DETAILED ACTION
Notice of Pre-AIA or AIA Status
The present application, filed on or after March 16, 2013, is being examined under the first inventor to file provisions of the AIA .
Response to Arguments
Applicant's arguments filed 17 February 2026 have been fully considered but they are not persuasive.
Applicant argues that Cohen in view of Wung does not teach the claimed equation for the prior probability of speech absence. As applicant notes, Cohen alone is not used to read on the claimed equation, but the combination of the references. The differences between Cohen’s equation 29 and applicant’s claimed equation are addressed by the cited portions of Wung. Paragraph [0007] of Wung, partially quoted by applicant, states “The Wiener filter is updated (its filter coefficients are computed) based on a speech presence probability (SPP), and the latter in turn is computed based on an a priori speech presence probability (a priori SPP.) The latter is computed by a multi-channel voice activity detector (MVAD), whose two input thresholds are dynamically adapted and are derived from i) an instantaneous a priori signal to noise ratio (SNR), and ii) an average a priori SNR, of the multi-channel dereverberated signal”. The MVAD referred to by the applicant and cited by the prior rejection is calculating a priori speech presence probability, as the claim requires. The two input thresholds are dynamically adapted and based on “a characteristic of noise distribution” as required by the claim (signal to noise ratio is a characteristic of noise distribution). Thus, the modification of Cohen by Wung renders the claim limitation obvious to one with ordinary skill in the art.

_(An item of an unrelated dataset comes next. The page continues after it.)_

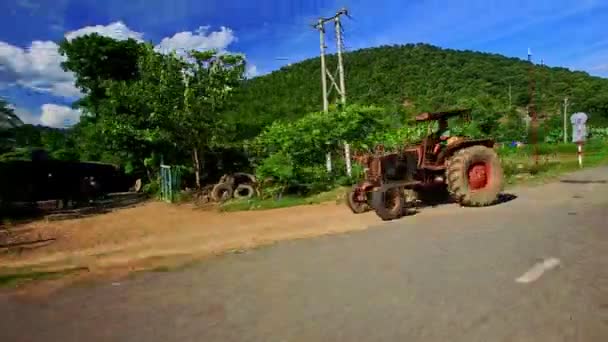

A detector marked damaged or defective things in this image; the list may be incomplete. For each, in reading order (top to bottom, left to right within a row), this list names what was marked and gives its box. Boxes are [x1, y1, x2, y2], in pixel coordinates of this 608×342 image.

rusty red tractor [344, 109, 506, 222]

Claim Rejections - 35 USC § 103
The following is a quotation of 35 U.S.C. 103 which forms the basis for all obviousness rejections set forth in this Office action:
A patent for a claimed invention may not be obtained, notwithstanding that the claimed invention is not identically disclosed as set forth in section 102, if the differences between the claimed invention and the prior art are such that the claimed invention as a whole would have been obvious before the effective filing date of the claimed invention to a person having ordinary skill in the art to which the claimed invention pertains. Patentability shall not be negated by the manner in which the invention was made.

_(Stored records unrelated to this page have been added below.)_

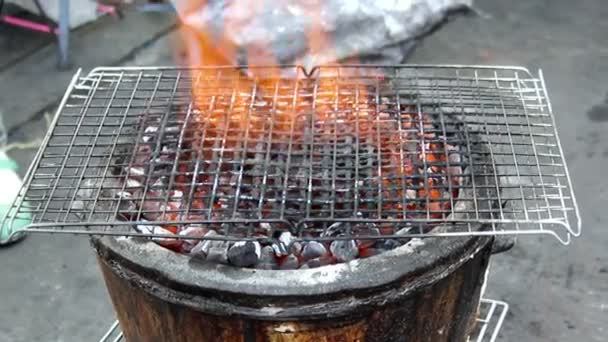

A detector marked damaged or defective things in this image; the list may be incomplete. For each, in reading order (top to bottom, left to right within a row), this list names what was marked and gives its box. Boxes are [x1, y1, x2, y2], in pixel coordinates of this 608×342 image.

rusty barrel [91, 231, 494, 340]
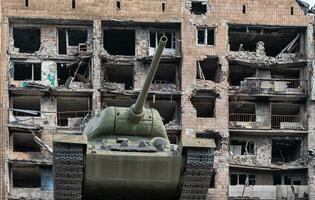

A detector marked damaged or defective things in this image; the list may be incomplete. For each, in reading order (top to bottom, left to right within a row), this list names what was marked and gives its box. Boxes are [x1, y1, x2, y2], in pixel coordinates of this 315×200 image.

burnt window opening [13, 28, 40, 53]
broken window [13, 27, 40, 54]
broken window [57, 28, 87, 54]
burnt window opening [57, 28, 87, 54]
broken window [104, 29, 135, 55]
burnt window opening [104, 29, 135, 55]
burnt window opening [150, 31, 177, 49]
burnt window opening [198, 27, 215, 45]
broken window [198, 27, 215, 45]
burnt window opening [230, 25, 306, 56]
broken window [230, 25, 306, 56]
burnt window opening [13, 63, 41, 81]
broken window [13, 63, 41, 81]
broken window [57, 60, 90, 86]
burnt window opening [57, 61, 90, 86]
broken window [103, 63, 133, 89]
burnt window opening [104, 63, 133, 89]
burnt window opening [154, 63, 179, 84]
broken window [196, 57, 221, 82]
burnt window opening [196, 57, 221, 83]
broken window [228, 61, 258, 85]
burnt window opening [230, 62, 256, 86]
burnt window opening [12, 97, 40, 117]
broken window [12, 96, 41, 116]
broken window [56, 97, 90, 126]
burnt window opening [57, 97, 90, 126]
burnt window opening [150, 100, 178, 125]
broken window [191, 90, 216, 117]
burnt window opening [191, 94, 216, 118]
burnt window opening [230, 103, 256, 122]
broken window [230, 103, 256, 122]
broken window [270, 104, 302, 129]
burnt window opening [272, 104, 302, 129]
broken window [11, 132, 40, 152]
burnt window opening [12, 132, 40, 152]
burnt window opening [272, 140, 302, 163]
broken window [272, 140, 302, 163]
burnt window opening [12, 166, 40, 188]
broken window [12, 166, 40, 188]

Claim(s) 1, 4-13, 15-16, 19-21 is/are rejected under 35 U.S.C. 103 as being unpatentable over Cohen in view of Wung (US 20180350379 A1).

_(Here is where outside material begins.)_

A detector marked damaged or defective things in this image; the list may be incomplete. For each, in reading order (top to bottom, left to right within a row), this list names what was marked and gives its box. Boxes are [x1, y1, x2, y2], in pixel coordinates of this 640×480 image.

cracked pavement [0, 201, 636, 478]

Claim 1: Cohen discloses a method for suppressing noise by quickly calculating a speech presence probability, comprising:
obtaining an input signal, and converting the input signal from a time-domain signal to a frequency-domain signal; (Section 2 paragraph 2: observed signal converted into frequency domain using STFT)
calculating a real-time power spectrum of the frequency-domain signal, and tracking a minimum power in the real-time power spectrum; (Section 3, Paragraph 2: minimum tracking)
performing noise estimation based on the minimum power to obtain an estimated noise power spectrum; (Section 1: Noise estimation is based on the tracked minimum power)
calculating a gain coefficient based on the estimated noise power spectrum, and enhancing the frequency-domain signal based on the gain coefficient to obtain an enhanced frequency-domain signal; (Section 4 Equation 33, Section 5 Figure 1: Calculate gain based on estimated noise power)
and converting the enhanced frequency-domain signal to a time-domain signal to obtain an output signal. (Section 5 Figure 4: Output enhanced signal c in time domain)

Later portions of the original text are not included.